(Image-caption web data)
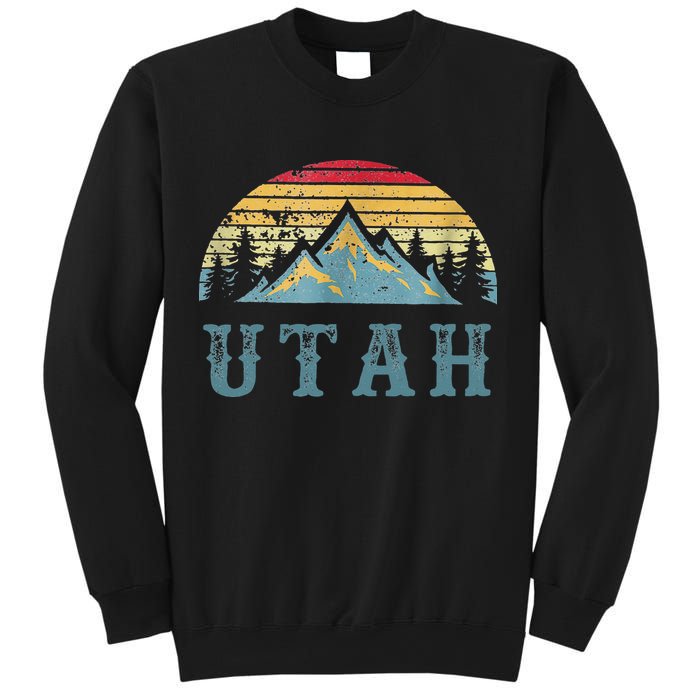 Vintage Retro UT Utah U.S. Mountain State tee Sweatshirt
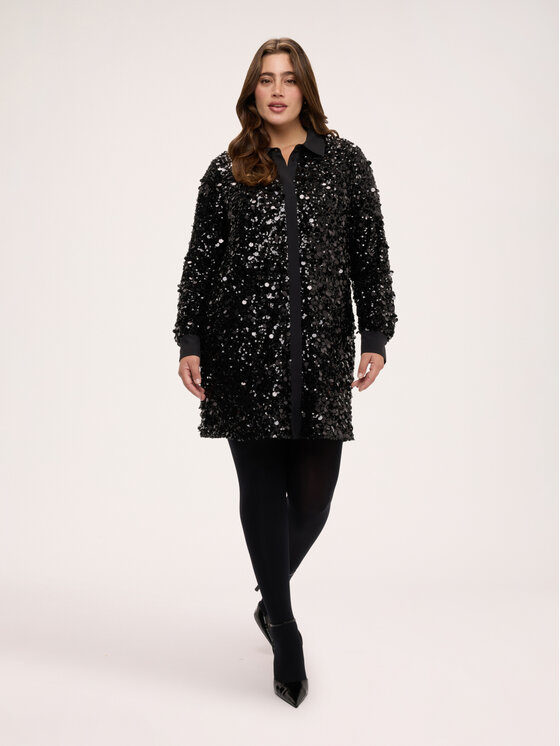 Fiorella Rubino Fiorella Rubino Abito da sera 7019L001318N033 Nero Regular Fit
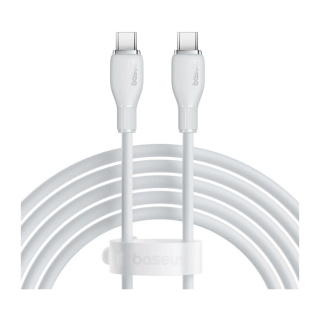 کابل شارژ سریع USB C به USB C بیسوس مدل Pudding Series 100W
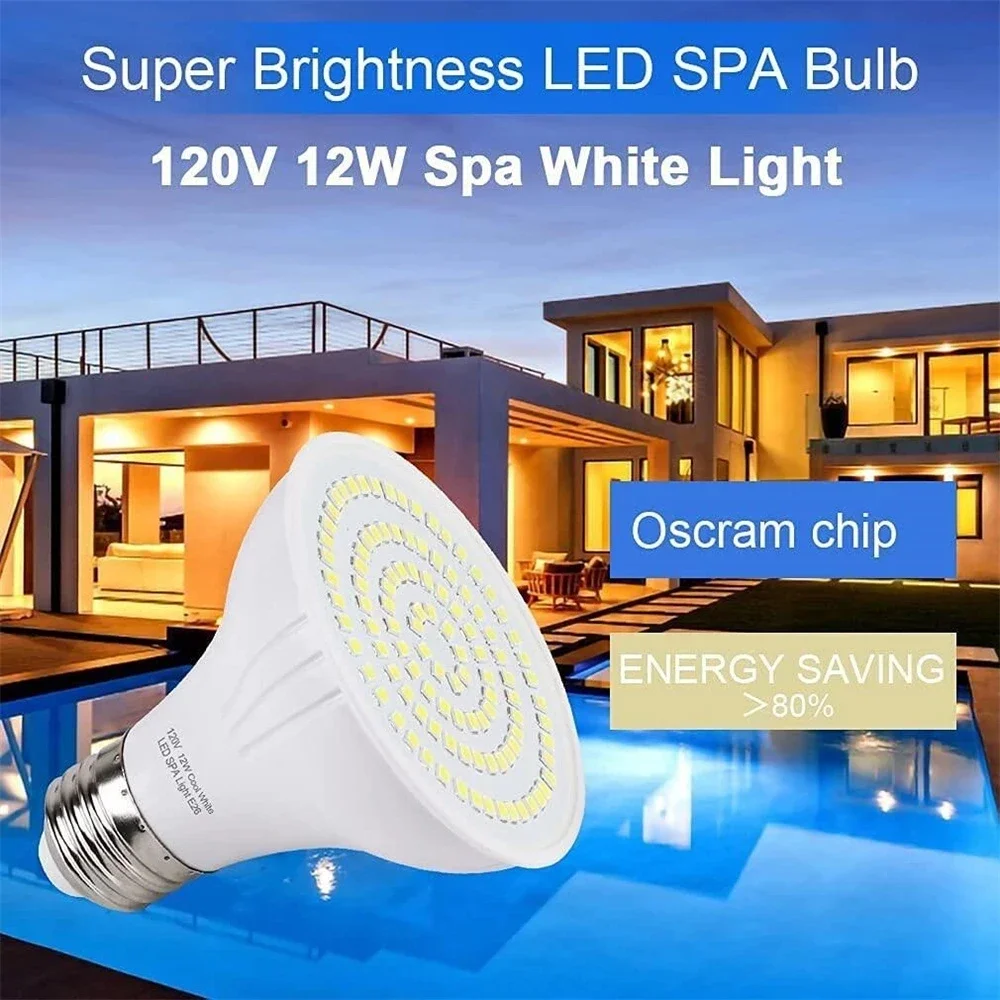 12W SPA Lamp LED Swimming Pool - Xy Spa & Wellness recension och pris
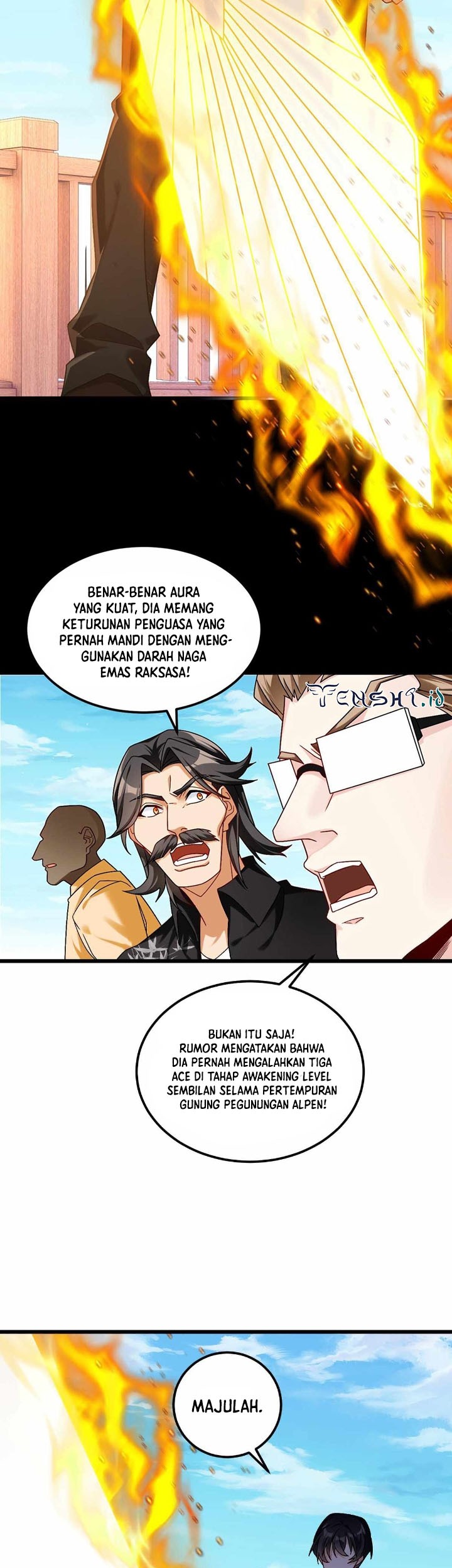 Xianzun Luowuji Chapter 243 Gambar 16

**WHAT THE TASK ASKS**
Give the data above again in full and unchanged, skipping the pictures.

**RESPONSE TO THIS TASK**
 Vintage Retro UT Utah U.S. Mountain State tee Sweatshirt
 Fiorella Rubino Fiorella Rubino Abito da sera 7019L001318N033 Nero Regular Fit
 کابل شارژ سریع USB C به USB C بیسوس مدل Pudding Series 100W
 12W SPA Lamp LED Swimming Pool - Xy Spa & Wellness recension och pris
 Xianzun Luowuji Chapter 243 Gambar 16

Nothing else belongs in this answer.